RECORD EXTRACTS START
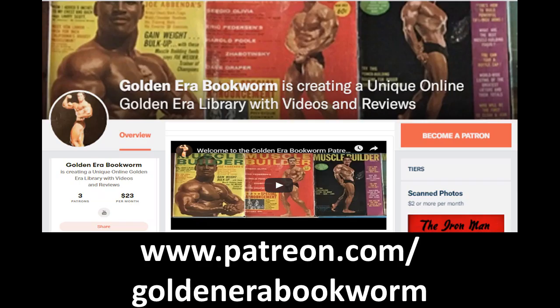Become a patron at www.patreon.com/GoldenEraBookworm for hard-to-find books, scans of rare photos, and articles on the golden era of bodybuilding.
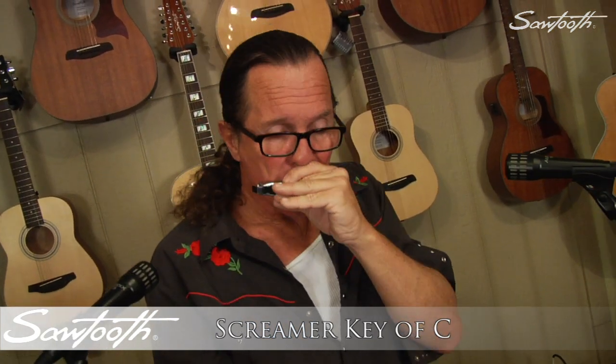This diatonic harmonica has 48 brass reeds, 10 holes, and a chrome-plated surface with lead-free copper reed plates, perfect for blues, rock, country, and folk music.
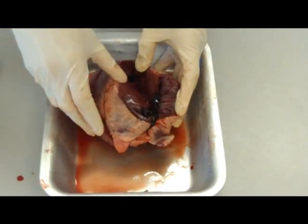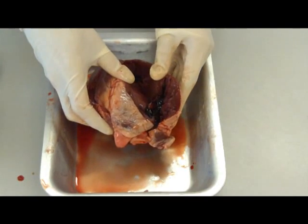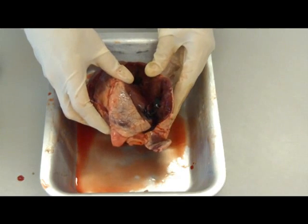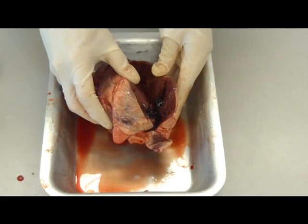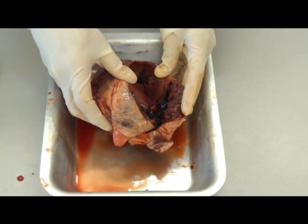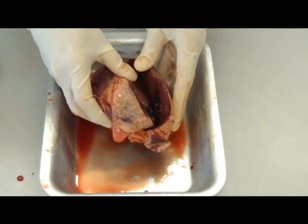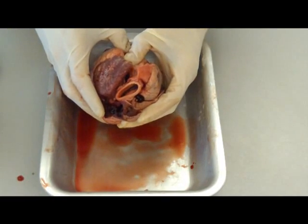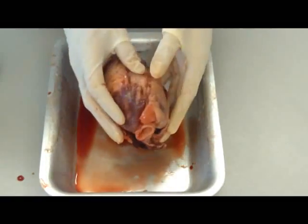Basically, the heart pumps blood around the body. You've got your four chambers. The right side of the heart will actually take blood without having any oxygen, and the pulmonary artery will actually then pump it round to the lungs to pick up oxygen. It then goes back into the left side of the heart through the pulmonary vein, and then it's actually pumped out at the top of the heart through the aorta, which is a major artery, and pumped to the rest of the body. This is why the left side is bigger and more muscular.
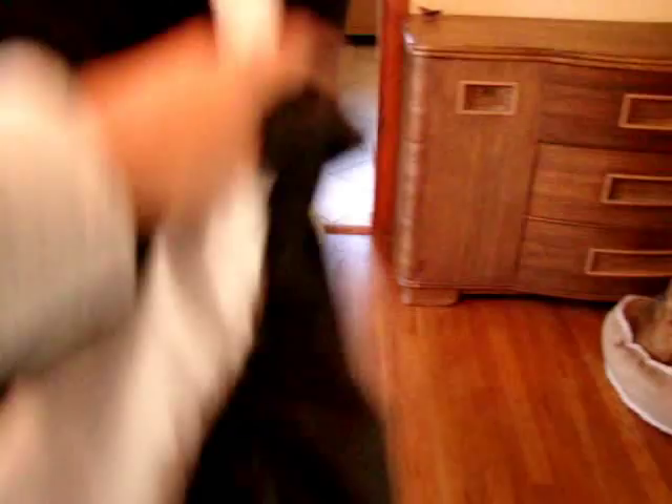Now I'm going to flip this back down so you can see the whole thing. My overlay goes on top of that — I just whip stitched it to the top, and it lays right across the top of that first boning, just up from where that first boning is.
RECORD EXTRACTS END
RECORD EXTRACTS START
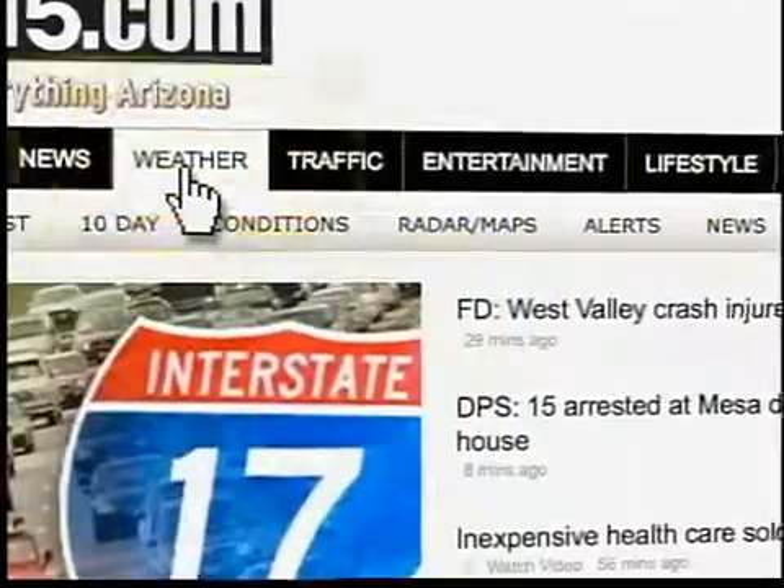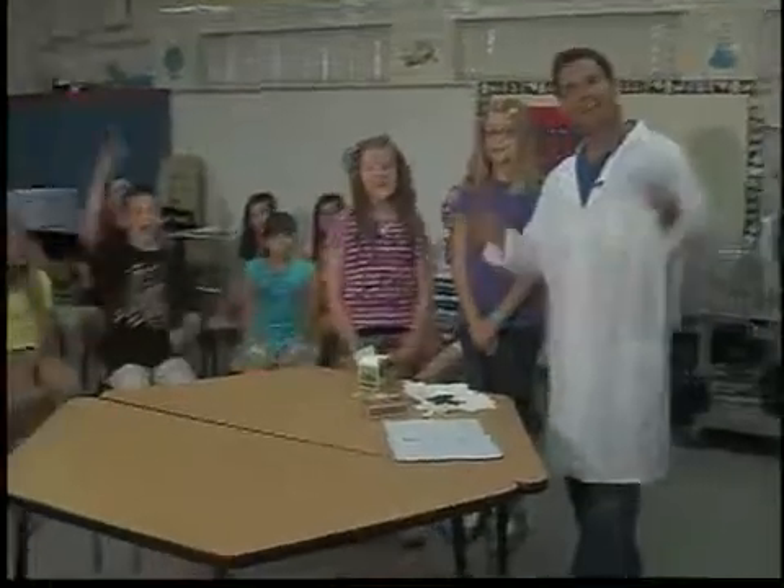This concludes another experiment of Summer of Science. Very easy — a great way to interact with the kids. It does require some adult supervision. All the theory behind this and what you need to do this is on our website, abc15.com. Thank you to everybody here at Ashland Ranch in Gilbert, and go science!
RECORD EXTRACTS END
**THE TASK**. What are the lines above from the one with "This diatonic harmonica" to the one with "Now I'm going", both included? Reproduce them exactly, without pictures.

**ANSWER BELOW**.
This diatonic harmonica has 48 brass reeds, 10 holes, and a chrome-plated surface with lead-free copper reed plates, perfect for blues, rock, country, and folk music.
Basically, the heart pumps blood around the body. You've got your four chambers. The right side of the heart will actually take blood without having any oxygen, and the pulmonary artery will actually then pump it round to the lungs to pick up oxygen. It then goes back into the left side of the heart through the pulmonary vein, and then it's actually pumped out at the top of the heart through the aorta, which is a major artery, and pumped to the rest of the body. This is why the left side is bigger and more muscular.
Now I'm going to flip this back down so you can see the whole thing. My overlay goes on top of that — I just whip stitched it to the top, and it lays right across the top of that first boning, just up from where that first boning is.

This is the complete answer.